>Your emphasis here on the production of live events via web collaboration is
I agree with Scott here. Our modest piece called Yearbody presents 365
frames of a dance over the course of a year, but ends in a live
performance. To have simply followed through this idea of super-slow-motion
presentation via the web would have held less meaning for us without the
finality of having to present the work in some kind of live performance
Stephen, I have a couple of questions that I would like to ask of you.
- Do you have plans to present the final outcome to the web audience in
some way? When we did live performance interaction via the web in our piece
"The Electronic Disturbance" one of the valid complaints I heard was, "I am
contributing, but have no idea what is going on at the other end." It seems
important to give the contributor the opportunity to see/experience in some
way what it is that they helped to create.

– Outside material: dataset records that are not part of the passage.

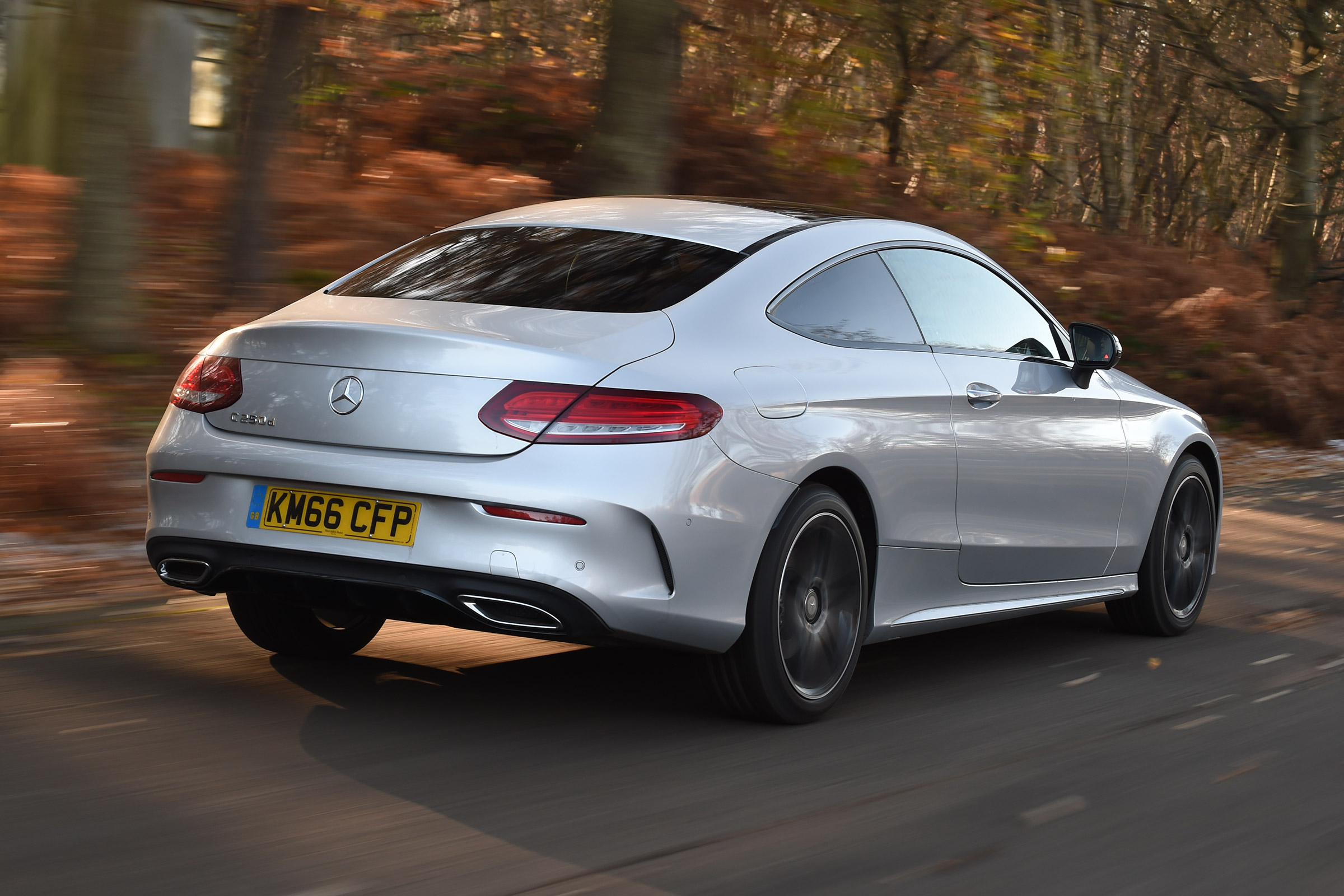 Mercedes C-Class Coupe - rear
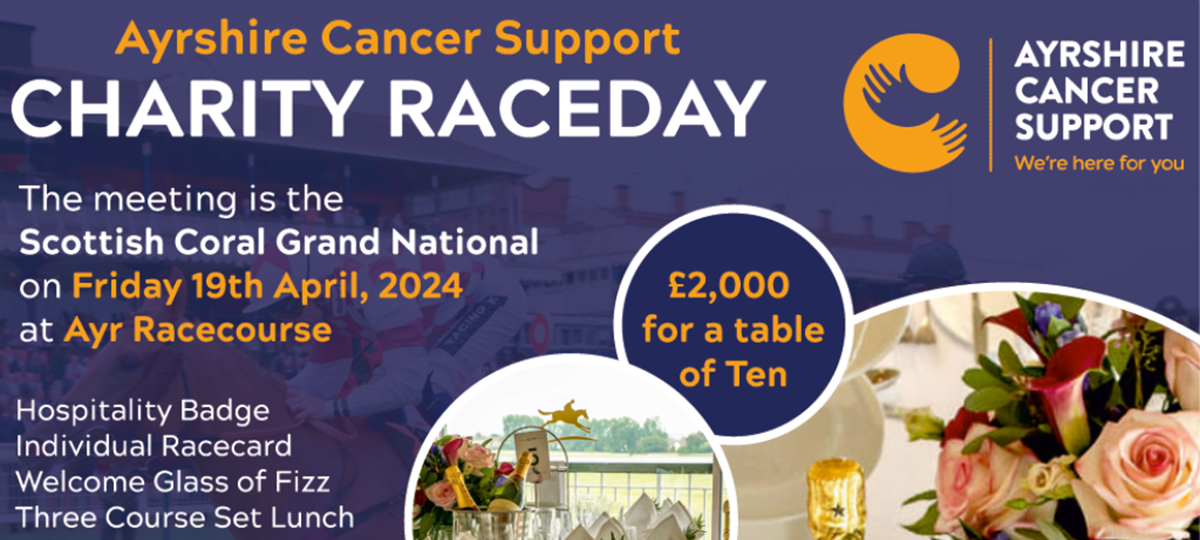 Offer: The Ayrshire Cancer Support Raceday is back! by Ayrshire Cancer Support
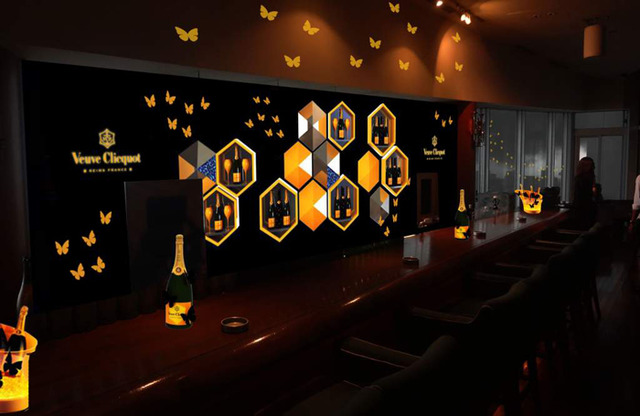 「レストラン マドラウンジ」のヴーヴ・クリコによる限定バー「Veuve Clicquot Yellow Bar」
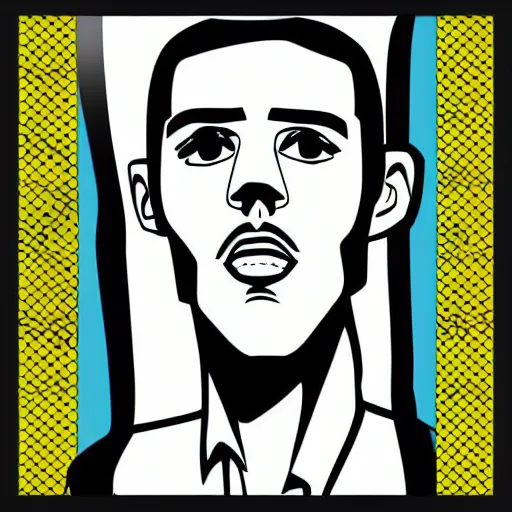 Image similar to amazing handsome male, pop art cartoon style, portait, cartton network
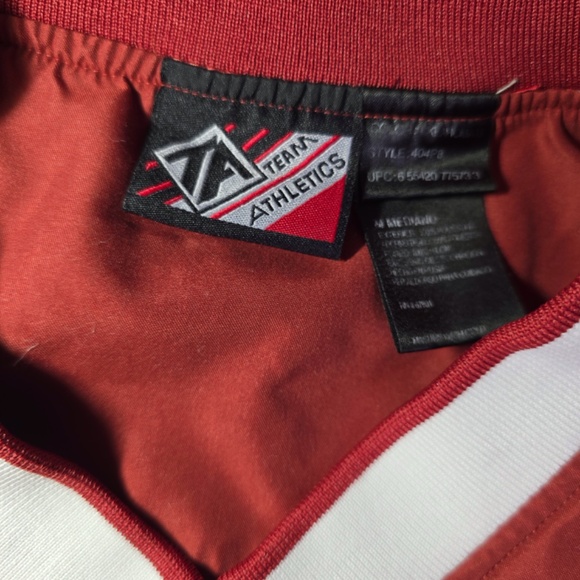 Vintage OU Oklahoma Sooners Lined Windbreaker Vest Jacket Side Zip V-Neck Mens M - Picture 7 of 11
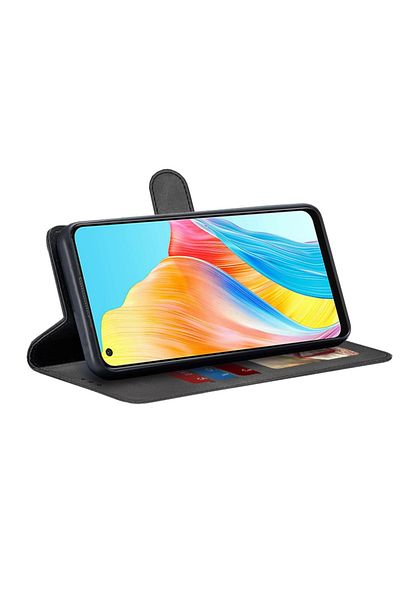 SKYDDAR INNOVATION Case for Oppo A78 4G, Diary Book, book type, with Inner Wallet, Black, sticker set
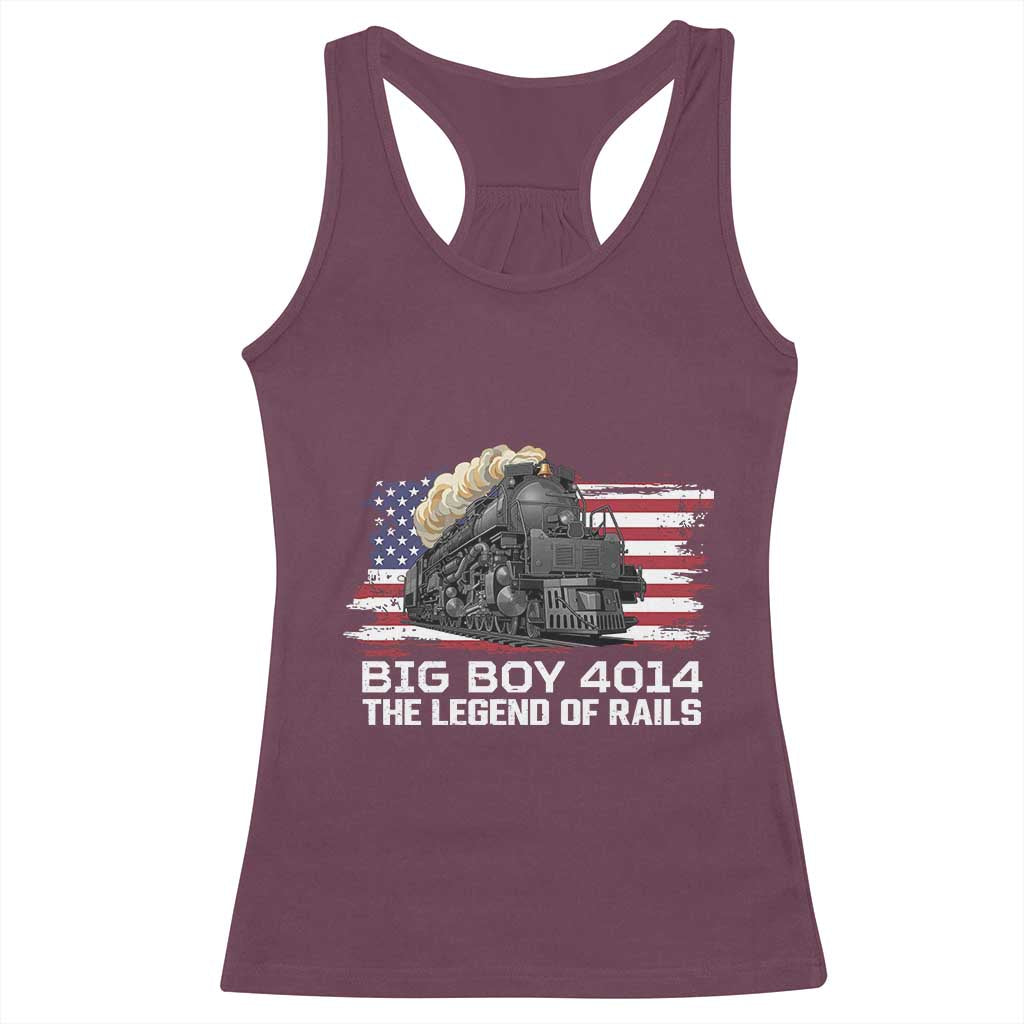 Vintage American Steam Train Racerback Tank Top Legend of the Rails Heritage Pride TS02 Maroon Print Your Wear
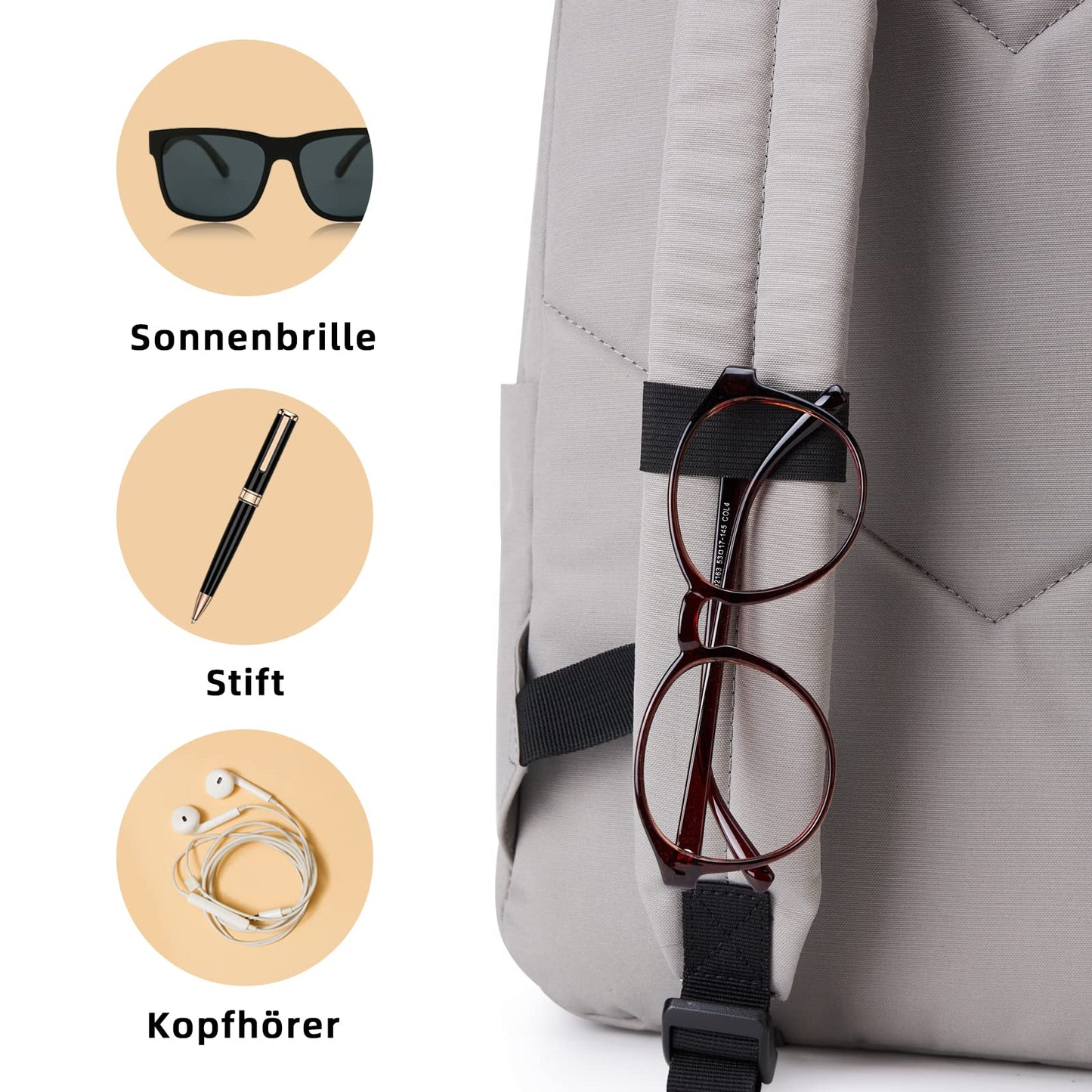 KALIDI Unisex Backpack with Laptop Compartment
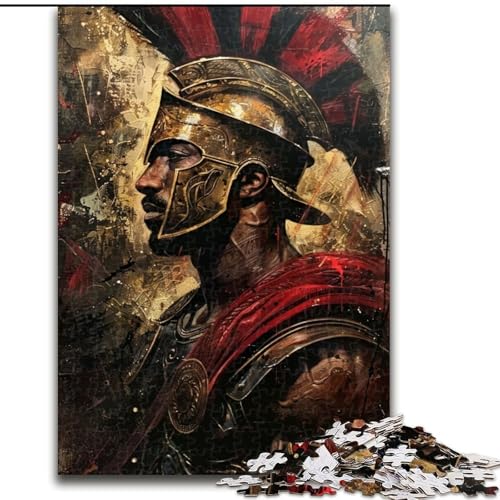 1000-teiliges Puzzle für Erwachsene und Jugendliche, Krieger, entspannendes intellektuelles Lernspielzeug, Geburtstagsgeschenk, Geschenke (Größe 50x75cm) von MLADSOEHK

- Will there be any live interaction via the web? It doesn't seem that way,
and I don't think that kind of interaction is really your point, but I am
endlessly curious about such things.
- Do you have any system for choosing the material sent to you? Or, as
creator, do you simply get to choose the stuff that you like? It seems that
one narrative I can invent for this piece is that there is this model of
democracy going on, a gathering of materials from the increasingly diverse
membership of the web. The feeling of my invented narrative would
certainly be lessened if the final materials were determined by a yourself,
being a sort of monarchy ;-) Really though, how do you plan to choose? Is
there a subtext to this ability for many to submit their ideas?